--- Records supplied ---

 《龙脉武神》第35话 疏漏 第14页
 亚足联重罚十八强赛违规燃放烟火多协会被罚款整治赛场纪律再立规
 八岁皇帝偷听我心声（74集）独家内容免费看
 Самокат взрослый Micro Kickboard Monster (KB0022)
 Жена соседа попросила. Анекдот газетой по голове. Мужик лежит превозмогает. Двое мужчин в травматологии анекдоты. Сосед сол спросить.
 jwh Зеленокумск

---
--- Records supplied ---

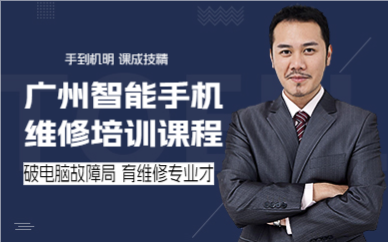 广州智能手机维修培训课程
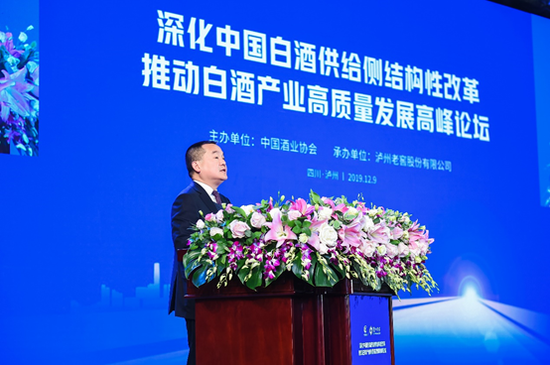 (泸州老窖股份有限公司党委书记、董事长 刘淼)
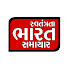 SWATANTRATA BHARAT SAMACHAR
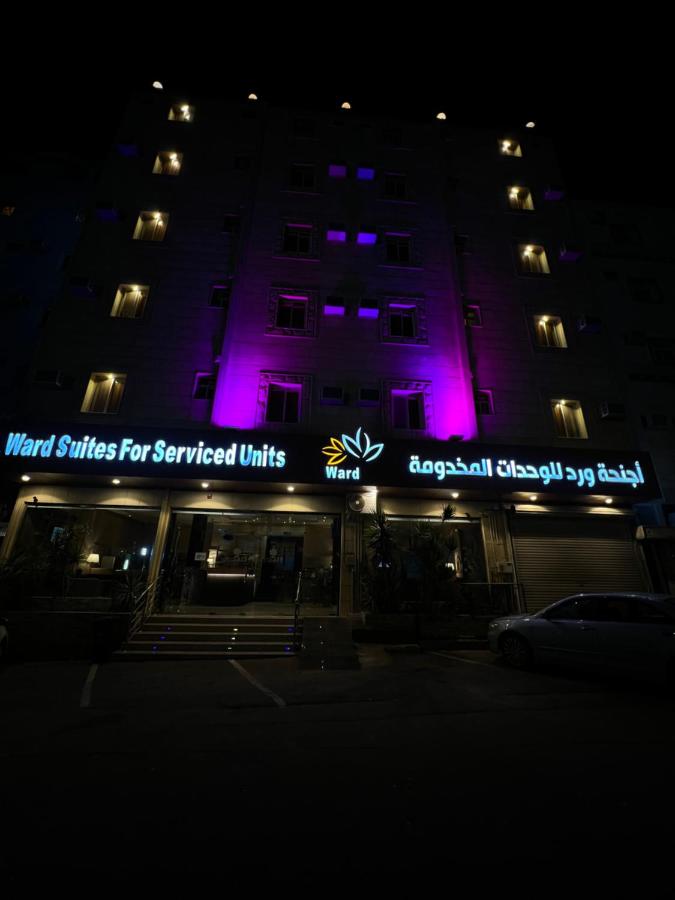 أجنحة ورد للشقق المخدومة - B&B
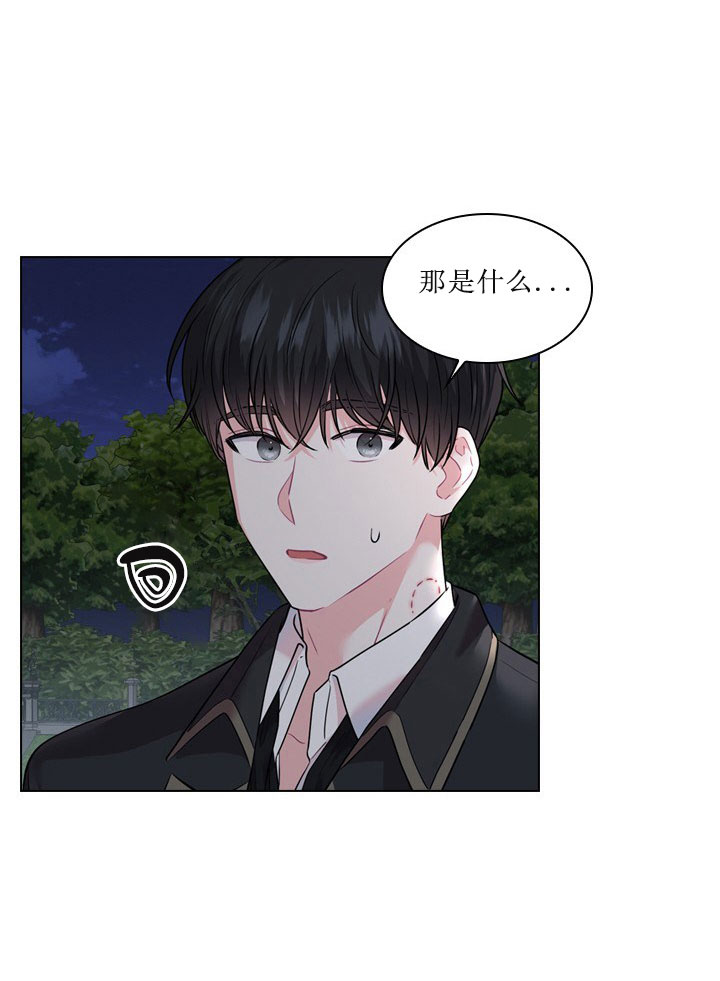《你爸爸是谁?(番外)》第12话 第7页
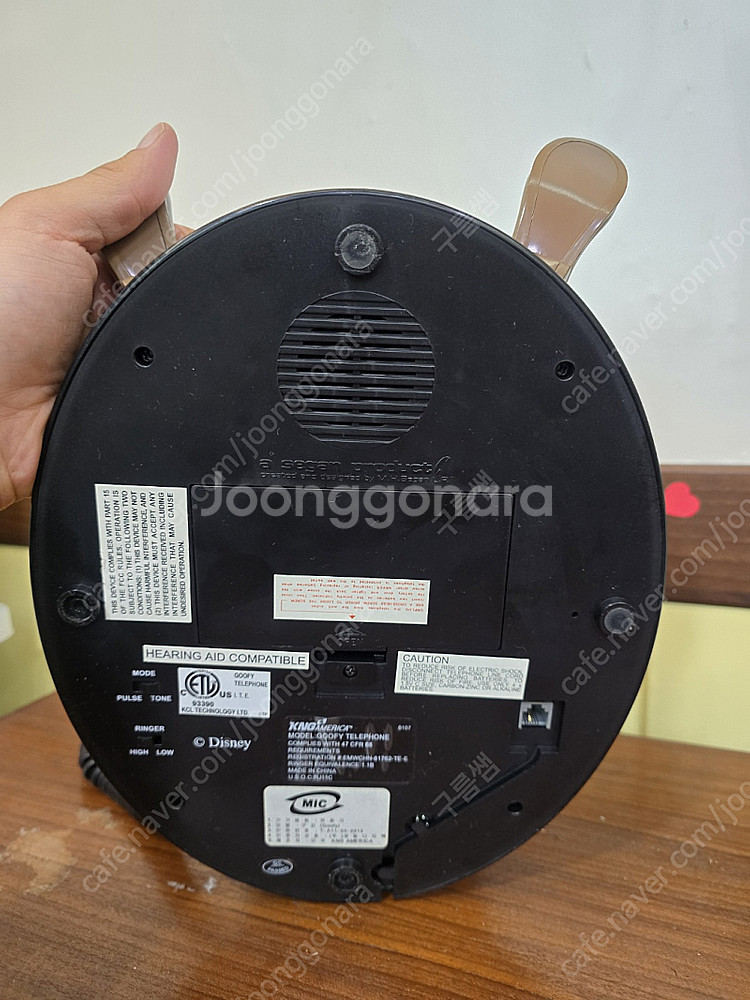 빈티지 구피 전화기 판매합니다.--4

---
--- Records supplied ---

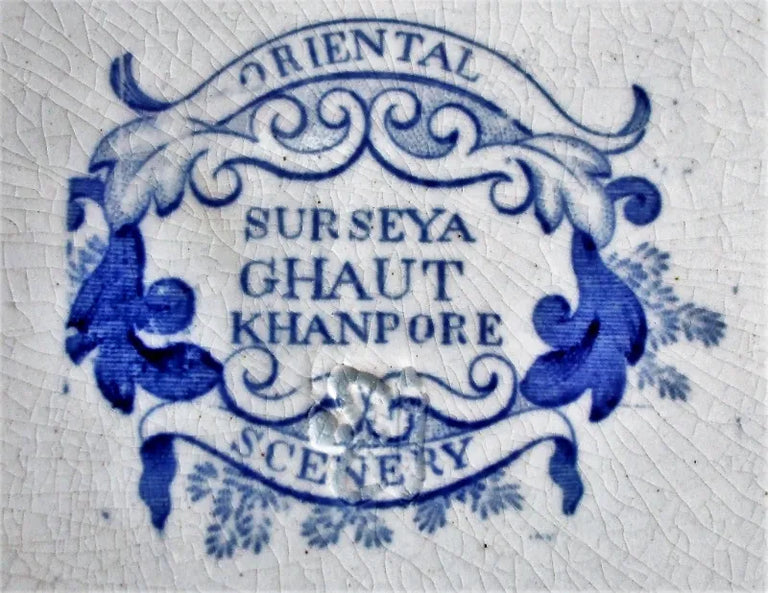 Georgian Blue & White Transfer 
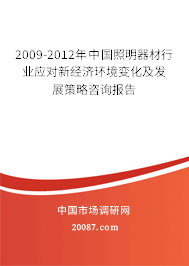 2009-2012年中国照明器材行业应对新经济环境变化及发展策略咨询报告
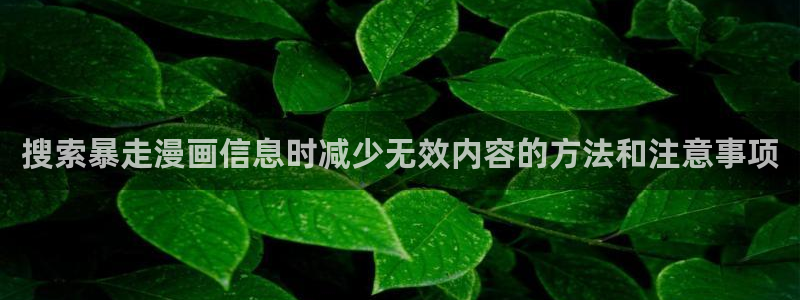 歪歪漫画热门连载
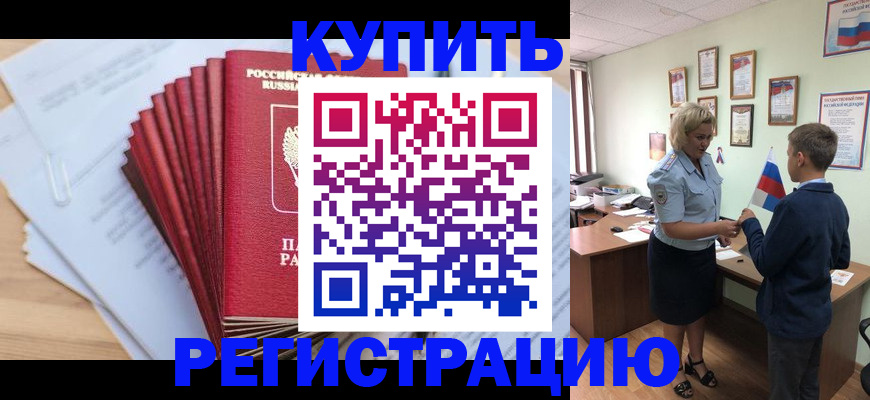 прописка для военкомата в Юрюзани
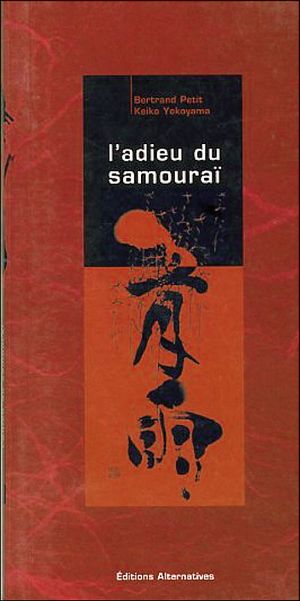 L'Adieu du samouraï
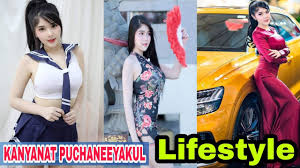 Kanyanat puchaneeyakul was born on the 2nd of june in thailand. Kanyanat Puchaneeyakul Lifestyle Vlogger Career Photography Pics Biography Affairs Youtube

---

Using the entries above, transcribe every line from the line containing "(泸州老窖股份有限公司党委书记、董事长 刘淼)" through the line containing "빈티지 구피 전화기 판매합니다.--4". Do not copy pictures.

> _Exercise solution_:
 (泸州老窖股份有限公司党委书记、董事长 刘淼)
 SWATANTRATA BHARAT SAMACHAR
 أجنحة ورد للشقق المخدومة - B&B
《你爸爸是谁?(番外)》第12话 第7页
 빈티지 구피 전화기 판매합니다.--4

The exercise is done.